200 Trailblazing Leaders in Women’s Health and FemTech

List compiled by Marija Butkovic and Anja Streicher 

In 2025, the women’s health market advanced on multiple fronts, fueled by increased recognition of research gaps, strong funding pledges, and regulatory shifts. A record $2.5 billion commitment from the Bill & Melinda Gates Foundation over five years aimed at transforming women’s health R&D — particularly in underfunded areas like menstrual, gynecological, sexual, and maternal health — was among the year’s most significant funding news. 
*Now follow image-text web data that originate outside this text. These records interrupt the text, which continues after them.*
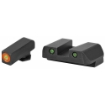 Picture of AmeriGlo Spartan Tactical Operator  Sight  Front/Rear  For Glock 42 and 43  Green Tritium Orange Round Outline Front  Green Tritium Black Outline Rear GL-450
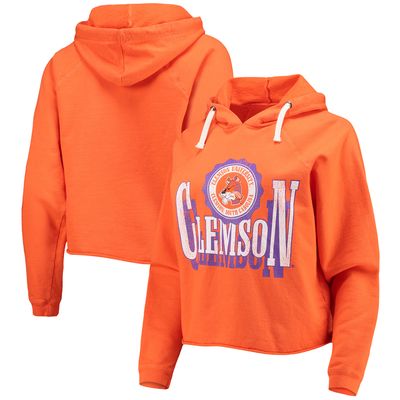 Women's Original Retro Brand Orange Clemson Tigers Vault Vintage Cropped Pullover Raglan Hoodie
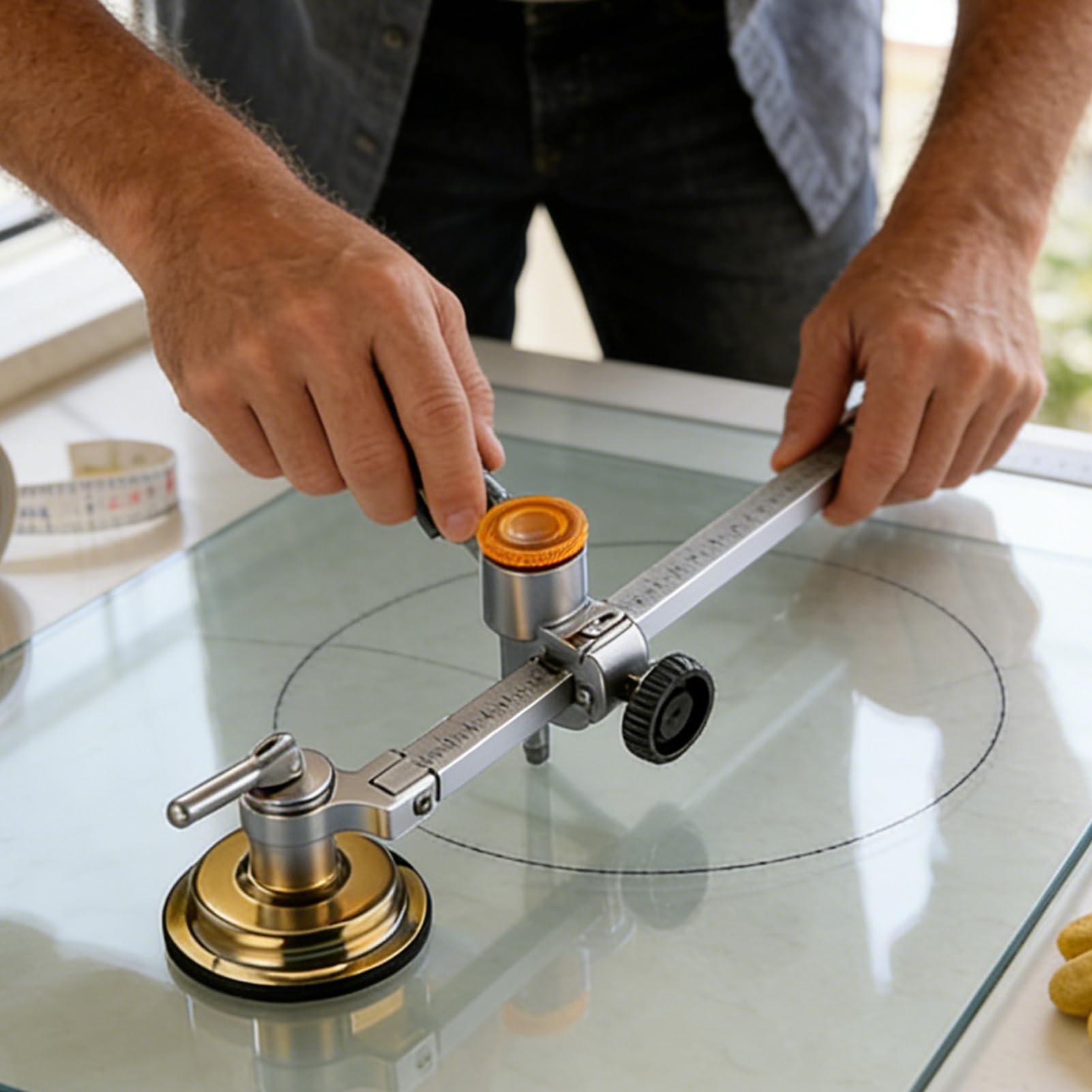 Tagliavetro Circolare Con Rotazione A 360 Gradi Girevole | Taglierina per Vetri Artistici con Impugnatura per Edilizia Bricolage Riparazione Vetro Specchio Fai da Te
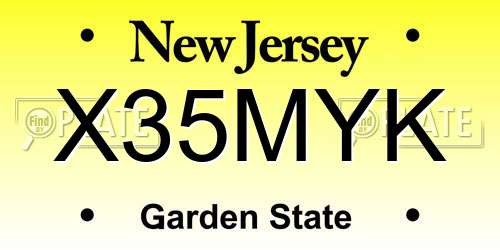 X35MYK New Jersey License Plate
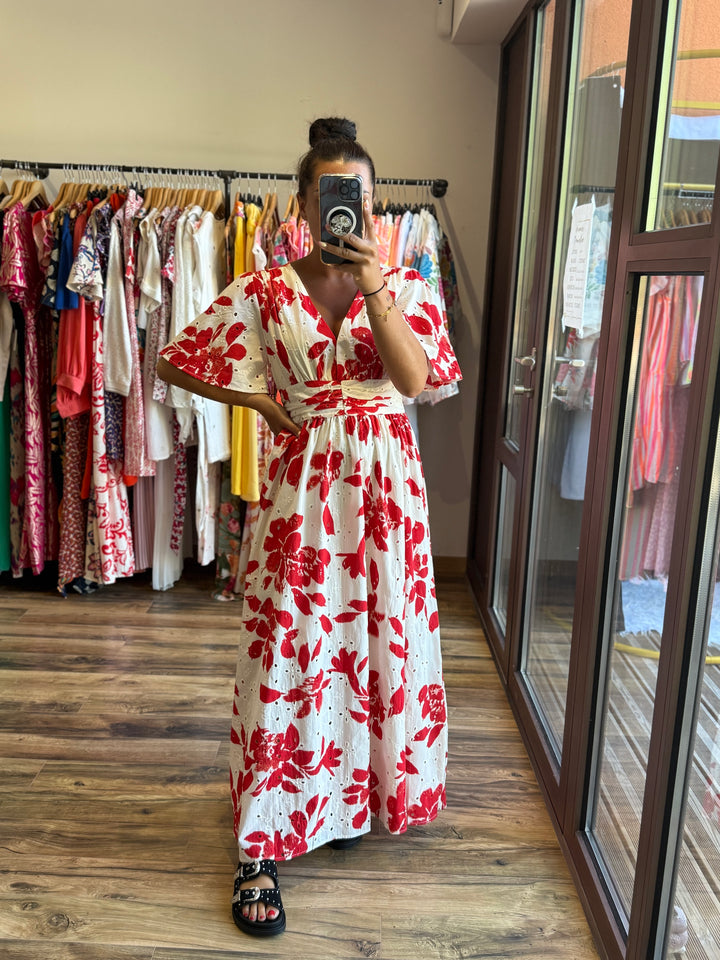 Robe longue Énira rouge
From a policy and clinical research perspective, 2025 saw meaningful progress in regulatory and scientific communities. The U.S. Department of Health and Human Services (HHS) and the FDA initiated the removal of long‑standing “black box” warnings from hormone replacement therapies (HRT) used in menopause care, promoting a more evidence‑based approach to treatment and potentially improving access and clinician confidence.

Despite this progress, 2025 also exposed ongoing challenges in the research ecosystem. In the US, federal funding cuts and concerns about the future of landmark studies — including uncertain funding trajectories for long‑running projects like the Women’s Health Initiative (WHI) — highlighted persistent vulnerabilities in public support for women’s health research. In response, nonprofit groups like Women’s Health Access Matters (WHAM) launched initiatives such as the 2025 WHAM Edge Awards, which provide critical support for early‑career researchers investigating sex‑based differences in disease outcomes and expand research capacity where traditional funding paths fall short. 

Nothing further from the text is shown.